### Prompt
Except for the pictures, retype the records that follow exactly.

### Short web captions
%%

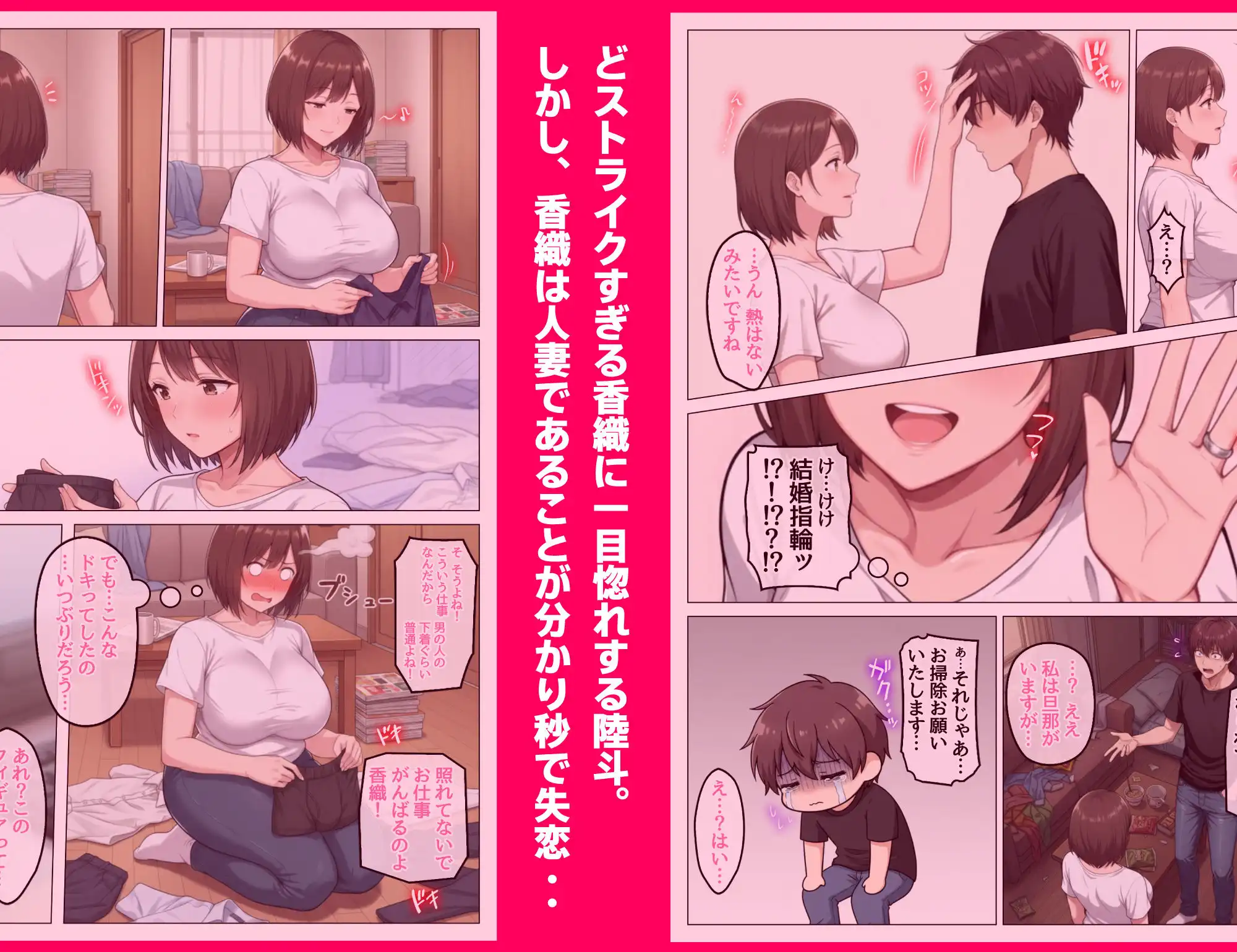 家事代行で出会ったむちむち人妻が俺の理想すぎたのでクズ夫から寝取って幸せにするお話 - サンプル4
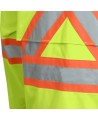 High-visibility yellow waterproof coat, Pioneer model 5628, reflective tape, size S to 5XL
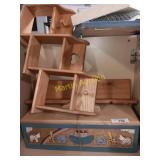 Shelves and ark box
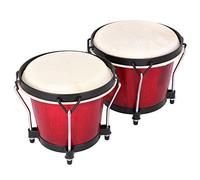 XUXHOU African Bongos Percussion Instrument for Drummers, with High-quality Solid Wood, Light Weight, for All Ages, Red Color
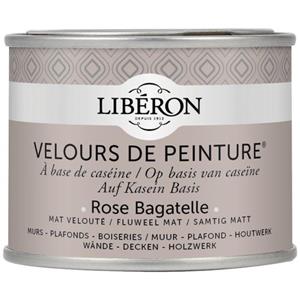 Liberon Libéron muurverf Velours de Peinture Rose Bagatelle fluweel mat 125ml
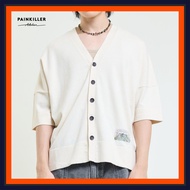 (PAINKILLER) RECTANGLE CARDIGAN / เสื้อคาร์ดิแกน เสื้อแขนยาว เสื้อผ้าผู้ชาย แฟชั่นผู้ชาย เพนคิลเลอร์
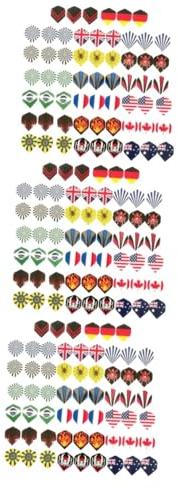 Milisten 3er-Sets Standard-heckflügel-zubehör Für Den Sport – Langlebiges Material Feine Muster Verbesserte Balance Heckflügel Für Freunde Und Familie 60 Stück X 3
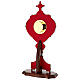 Reliquiario Raggera grappoli uva spighe base in legno 57x24 cm s9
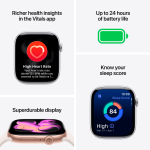 Apple Watch Series 11 GPS 46mm Jet Black Aluminium Case with Black Sport Band - M/L,Model A3333 - Image 7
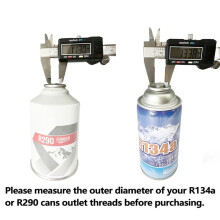 Adaptador de Llenado A de Botella Estilo Punción de Gas Refrigerante R134A M14 para Cargador Air Soft Accesorios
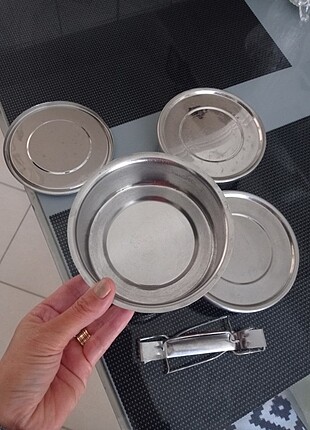 3 katlı çelik sefer tası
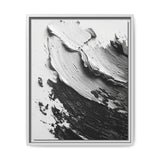 Abstract Swirls Mastery: High-Contrast Black & White Art Print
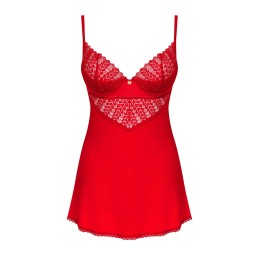 Ingridia nuisette et string - Rouge M/L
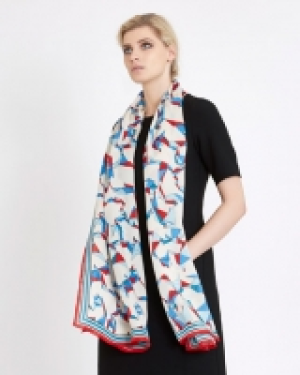 Carolyn Donnelly The Edit Origami Print Silk Scarf
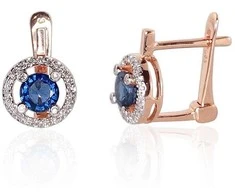 Auksiniai auskarai su briliantais Diamond Sky “Hearts and Arrows IV”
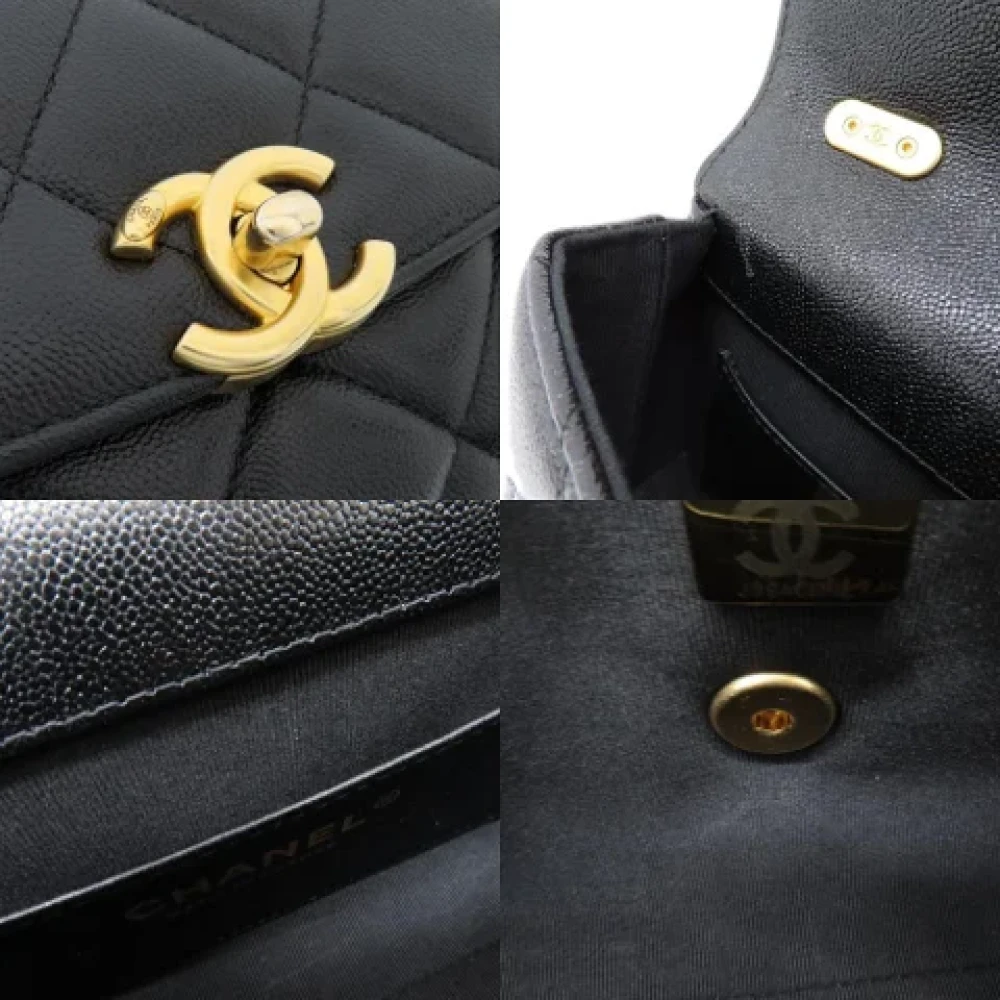 Chanel Vintage Pre-owned Fabric chanel-bags Black Dames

%%

### Result of the task
 家事代行で出会ったむちむち人妻が俺の理想すぎたのでクズ夫から寝取って幸せにするお話 - サンプル4
 High-visibility yellow waterproof coat, Pioneer model 5628, reflective tape, size S to 5XL
 Shelves and ark box
 XUXHOU African Bongos Percussion Instrument for Drummers, with High-quality Solid Wood, Light Weight, for All Ages, Red Color
 Liberon Libéron muurverf Velours de Peinture Rose Bagatelle fluweel mat 125ml
 (PAINKILLER) RECTANGLE CARDIGAN / เสื้อคาร์ดิแกน เสื้อแขนยาว เสื้อผ้าผู้ชาย แฟชั่นผู้ชาย เพนคิลเลอร์
 Milisten 3er-Sets Standard-heckflügel-zubehör Für Den Sport – Langlebiges Material Feine Muster Verbesserte Balance Heckflügel Für Freunde Und Familie 60 Stück X 3
 Reliquiario Raggera grappoli uva spighe base in legno 57x24 cm s9
 Apple Watch Series 11 GPS 46mm Jet Black Aluminium Case with Black Sport Band - M/L,Model A3333 - Image 7
 Adaptador de Llenado A de Botella Estilo Punción de Gas Refrigerante R134A M14 para Cargador Air Soft Accesorios
 3 katlı çelik sefer tası
 Abstract Swirls Mastery: High-Contrast Black & White Art Print
 Ingridia nuisette et string - Rouge M/L
 Carolyn Donnelly The Edit Origami Print Silk Scarf
 Auksiniai auskarai su briliantais Diamond Sky “Hearts and Arrows IV”
 Chanel Vintage Pre-owned Fabric chanel-bags Black Dames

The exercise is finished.